From Johns Hopkins University School of Medicine (C.B., D.M.), Baltimore, MD; Division Cancer and Genetics (M.U.), Cardiff University; Genomic Medicine (D.G.E.), University of Manchester, UK; Center for Cancer and Blood Disorders (A.K.), Children's National Hospital, Washington, DC; and Faculty of Health, Medicine, Dentistry and Health Sciences (C.O.H.), Institute of Translational and Stratified Medicine, University of Plymouth, UK.
Neurology. 2021 Aug 17;97(7 Suppl 1):S91-S98. doi: 10.1212/WNL.0000000000012436. Epub 2021 Jul 6.
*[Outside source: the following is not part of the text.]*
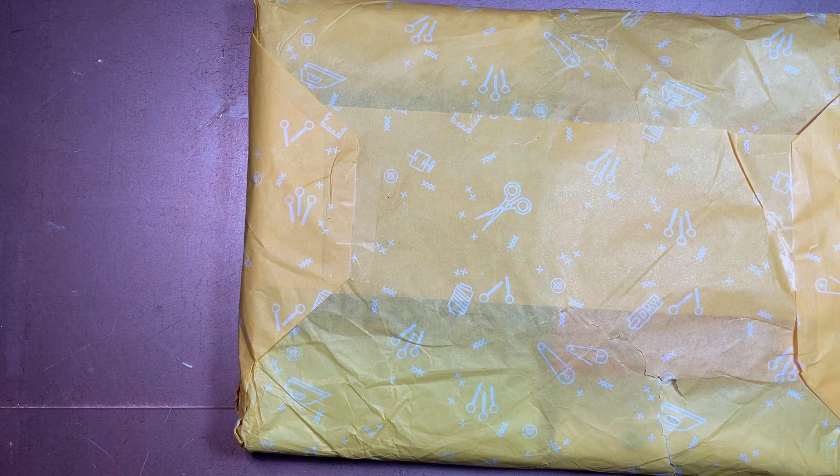The way I'm going to be doing today's video is we're going to quickly talk about what is stash builder and who is Sewers Club, and then we're just going to take a look at the fabrics inside. I'm going to try to figure out what their names are without looking them up. I am filming this the day before it goes live, so I don't have a whole lot of time to edit.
Because clinically validated biomarkers for neurofibromatosis 1 (NF1) and neurofibromatosis 2 (NF2) have not been identified, we aimed to determine whether genotype-phenotype correlations are useful in clinical trials in NF1 and NF2.
The Response Evaluation in Neurofibromatosis and Schwannomatosis (REiNS) Biomarker Group first performed a systematic literature search and reviewed existing data on genetic biomarkers in NF1 and NF2 and in in malignant peripheral nerve sheath tumors. The group then met during a series of consensus meetings to develop a joint report.
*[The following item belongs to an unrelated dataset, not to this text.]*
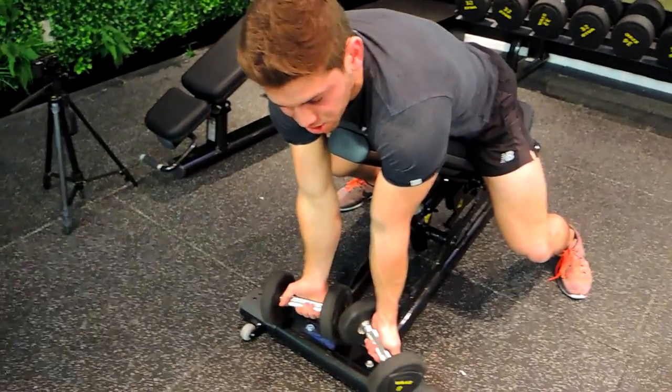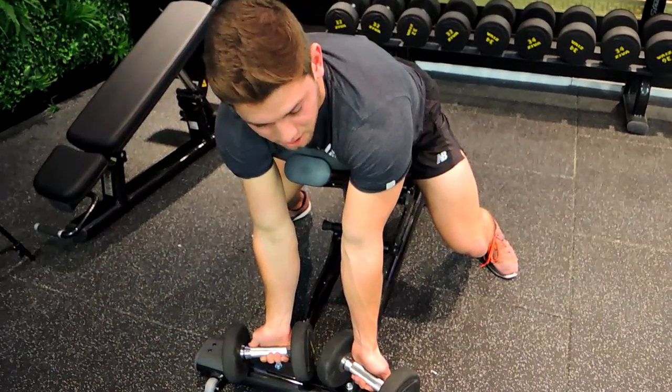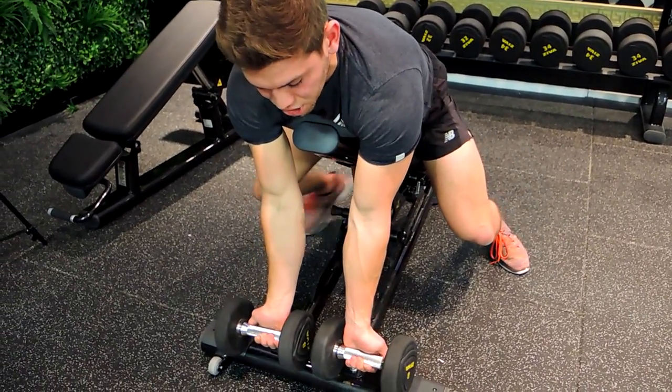Your shoulders are relaxed and your elbows are straight down from your shoulders. These elbows don't move from the shoulder, so stay in that position.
We found that in NF2, the genetic severity score is clearly of potential clinical use. In NF1, despite over 3,000 constitutional variants having been described in the gene, only 4 actionable genotype-phenotype correlations exist. The diagnosis and treatment decision of these tumors should ideally include histopathology and compilation of some of the genetic markers.
We summarized emerging clinical use of genotype-phenotype correlations in neurofibromatosis.
由于尚未确定神经纤维瘤病 1 型(NF1)和神经纤维瘤病 2 型(NF2)的临床验证生物标志物,我们旨在确定基因型-表型相关性是否可用于 NF1 和 NF2 的临床试验。
神经纤维瘤病和雪旺细胞瘤反应评估(REiNS)生物标志物小组首先进行了系统的文献检索,并回顾了 NF1 和 NF2 以及恶性外周神经鞘瘤中遗传生物标志物的现有数据。然后,该小组在一系列共识会议期间开会,共同撰写报告。
我们发现,在 NF2 中,遗传严重程度评分显然具有潜在的临床应用价值。在 NF1 中,尽管在基因中已描述了超过 3000 种结构变异,但仅存在 4 种可操作的基因型-表型相关性。这些肿瘤的诊断和治疗决策理想情况下应包括组织病理学和某些遗传标志物的组合。
我们总结了基因型-表型相关性在神经纤维瘤病中的新兴临床应用。